The actual status in AI development

There is neither a valid universal model for creating a general purpose AI with a body,
nor a corresponding business model to commercialize it, because it does not exist yet.

Assumptions and constraints

A nervous system, either biological or artificial, always adapts to several major factors like:
the pre-defined body, the environment, the interactions, the accumulated experience, etc.
Even if 2 bodies have the same components and structure, say biological twins or identical robots,
each nervous system is unique, due to the accumulated experience during its interaction in the environment.

ML applications - specialized for only one purpose

Most conventional neural nets are used as a gigantic database with millions of items,
all of them containing only slightly different views of the same object type, e.g. a cat.
The well known ML, Machine Learning, by using millions of data records is not AI,
instead it is a just statistical method, which enables a guessing of a certain pattern.

General purpose AI using biomimetic model

The first hurdle for our company is to explain to others, that our AI approach is valid,
while following this path inevitable leads to achieving the goals of a general purpose AI.
Taking the biological life as a template for developing a new technology is always a valid path,
therefore new sciences are born, like bionics, meaning biologically inspired engineering.

The second step is to prove that parallel processing is the only viable method to be used in AI.
Conventional computing has proven its advantages in many areas, where response time does not matter.
Biological intelligence requires another way, namely parallel processing, enabling rapid response times.
Every neuron within every neural net is processed simultaneously, all of them reacting within only 1 ms.
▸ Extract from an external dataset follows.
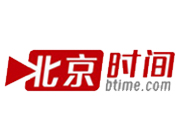 北京時間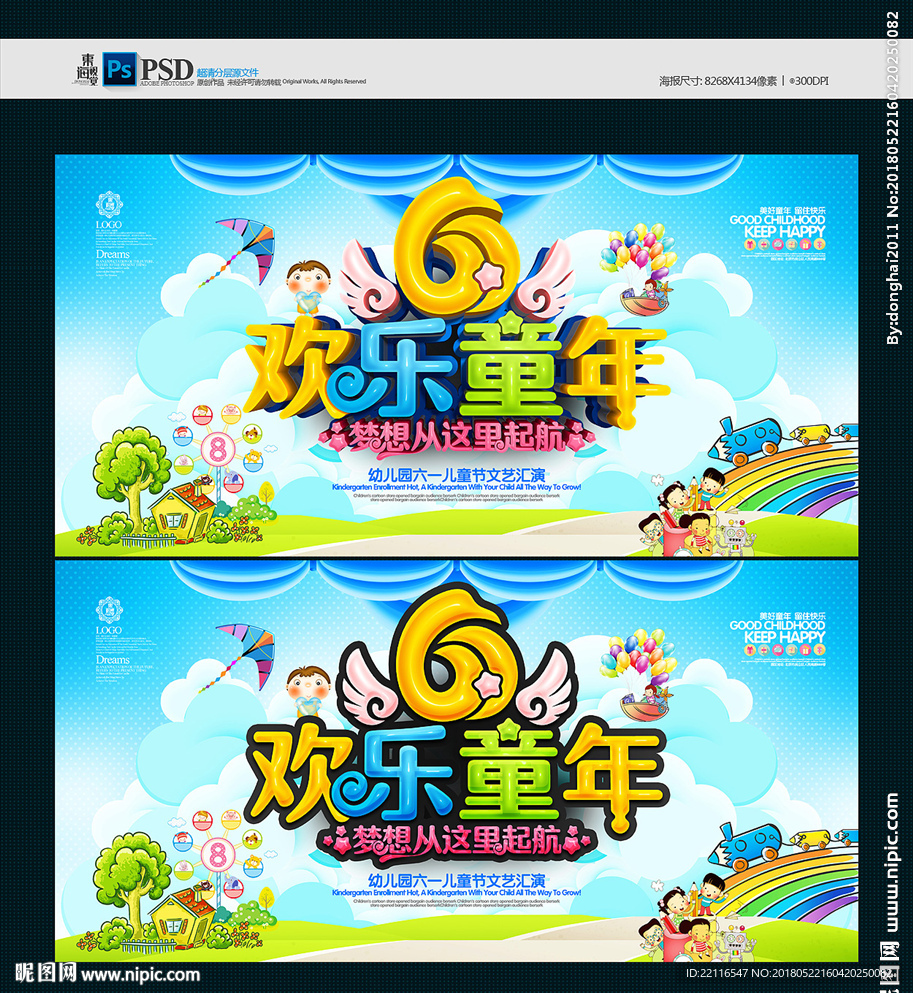 儿童节舞台背景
Third, we have to create first a proof of concept, which is our operating system,
which should be hard-wired and be able to process all kinds of neural nets.
It will represent the basic functionality of our biological human brain,
which consists of only neural nets and nothing else, except for power supply.

Fourth, afterwards create a prototype, which will showcase AI applications.
This is really sensitive, because there are many brains  with different grade of complexity,
each representing an own level of evolution, from insect via mammal to primate and human.
But all have a common feature, namely an embedded self-learning mechanism to enable adaption.

For this purpose, we have to invest a lot of time, patience and many resources,
which includes the decision, which body hardware is most suitable,
not to forget the end result, by showing our results in a videoclip,
so that other companies can see the abilities and skills of the AI.

Nevertheless, the legal implications of using AI in the real world are unknown,
since there are no laws for this purpose, we barely begin to formulate them,
even if this creates another ethical problem, how to define intelligence at all,
e.g. the stakes for safe autonomous cars are way too high, due to insurance reasons.

There is another very big obstacle, namely the public opinion.
Most people do not even want AI in their life, for different reasons.
Ironically, some CEOs of leading technology companies which develop own AIs,
are warning that someday in the future an AI would destroy the entire humanity.